Bill would preserve funds for small school districts
A bill being considered in the House Education Committee could freeze funding for small school districts for five years.
House Bill 1015 would create a pilot program for school districts with fewer than 2,000 students. The state would fund districts that choose to participate in the program at 2009-10 levels from fall 2010 through spring 2015.
Using September 2009 student counts, 134 out of 183 Colorado school districts would qualify for the pilot program, including De Beque 49JT and Collbran-based Plateau Valley 50. The bill likely would take $500,000 to $5.1 million to implement in 2010-11 and $600,000 to $7.8 million to implement the year after that, according to a fiscal note attached to the bill.
Losing even a handful of students can cost a small district a large chunk of its budget.

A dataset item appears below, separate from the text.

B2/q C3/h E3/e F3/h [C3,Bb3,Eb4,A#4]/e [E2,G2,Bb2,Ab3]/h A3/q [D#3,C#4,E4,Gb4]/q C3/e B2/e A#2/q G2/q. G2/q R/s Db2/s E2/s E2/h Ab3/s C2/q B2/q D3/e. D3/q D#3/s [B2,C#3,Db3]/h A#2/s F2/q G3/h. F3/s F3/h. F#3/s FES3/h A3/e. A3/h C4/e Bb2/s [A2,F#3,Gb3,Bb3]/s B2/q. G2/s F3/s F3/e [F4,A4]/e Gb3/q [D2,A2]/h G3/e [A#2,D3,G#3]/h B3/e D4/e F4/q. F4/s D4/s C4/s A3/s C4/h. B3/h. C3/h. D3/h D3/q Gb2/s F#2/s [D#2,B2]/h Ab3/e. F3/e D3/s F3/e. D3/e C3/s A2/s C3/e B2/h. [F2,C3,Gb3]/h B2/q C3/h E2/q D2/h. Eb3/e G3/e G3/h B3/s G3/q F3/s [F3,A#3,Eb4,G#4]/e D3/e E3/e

De Beque Superintendent Marty Lucas said his 160-student school district will count 11 fewer students for 2010-11 funding. Without the pilot program, the district’s funding will drop. On top of that, the state plans to cut $260 million from school districts across the state this fall.
“It does look like there might be some potential (in the bill) to help us,” Lucas said.

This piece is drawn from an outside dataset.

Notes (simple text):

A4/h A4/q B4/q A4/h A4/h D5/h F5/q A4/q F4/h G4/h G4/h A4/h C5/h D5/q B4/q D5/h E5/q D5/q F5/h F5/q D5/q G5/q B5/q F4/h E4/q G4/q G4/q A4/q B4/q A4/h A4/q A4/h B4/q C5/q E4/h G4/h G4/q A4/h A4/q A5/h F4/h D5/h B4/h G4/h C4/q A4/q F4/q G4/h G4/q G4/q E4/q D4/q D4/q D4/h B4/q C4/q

Lucas said he anticipates not gaining any students over the next five years unless oil and gas activity picks up in the area. If the student population increased, the district would receive additional funding only if there is a statewide education funding increase or the increase is a certain percentage above the 2009-10 pupil count. That percentage has not yet been written into the bill.
A district’s funding could decrease if the student population drops a certain percentage from the 2009-10 student count.
Plateau Valley Superintendent Greg Randall said he’s not sure how feasible it would be to sign on to a requirement of the bill that would make a participating school district sign an agreement with at least one other participating school district to share services and costs. Those may include administrative, food, transportation, health, special education, maintenance, custodial, teaching and learning-intervention services.
“On the Western Slope, the closest district to us is De Beque, and that’s a 45-minute drive,” Randall said, adding the two districts do share some services already.
Randall said he hasn’t discussed the bill with administration or school board members and hasn’t had enough time with the bill to form an opinion of it. Lucas said he wanted to wait to see a final version of the bill before endorsing it.